Besides the birds that live along the river year-round, there are migratory species that will try to land in the marshes along the river come fall, Coluccy said. The marshes provide habitat and cover for the birds on their way south. “Those birds are at serious risk,” he said.
Sept. 1 is the start of early hunting for geese, said Jason Dinsmore of the National Wildlife Federation, who toured the river Friday. “We’ll have to work to make sure hunters know not to eat them,” he said.
There is good news: Relatively few fish have died in the spill. Fish can move when they sense a threat, Hamilton said. Fish can die as microbes break down any oil left in the water because the process robs oxygen from the river.

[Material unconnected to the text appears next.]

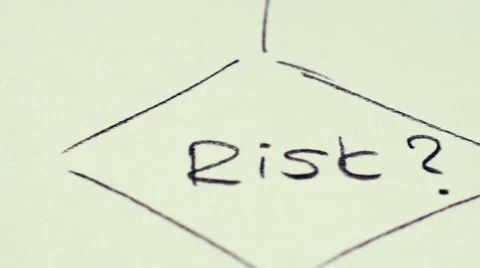 Risk Flow Chart Diagram 스톡 동영상 43505968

But so far, Hamilton’s own measurements show there has not been much depletion of the oxygen in the water.
Jim Dexter, Lake Michigan basin coordinator for the state’s fisheries division, said there still could be fish kills, since oil-soaked vegetation is dying and decaying in the water, which also depletes oxygen.
Coluccy said the animal world is resilient, but can take only so much.
“It takes a lot of time and money to get them back,” he said. “How long it takes to recover depends on how good the cleanup will be.”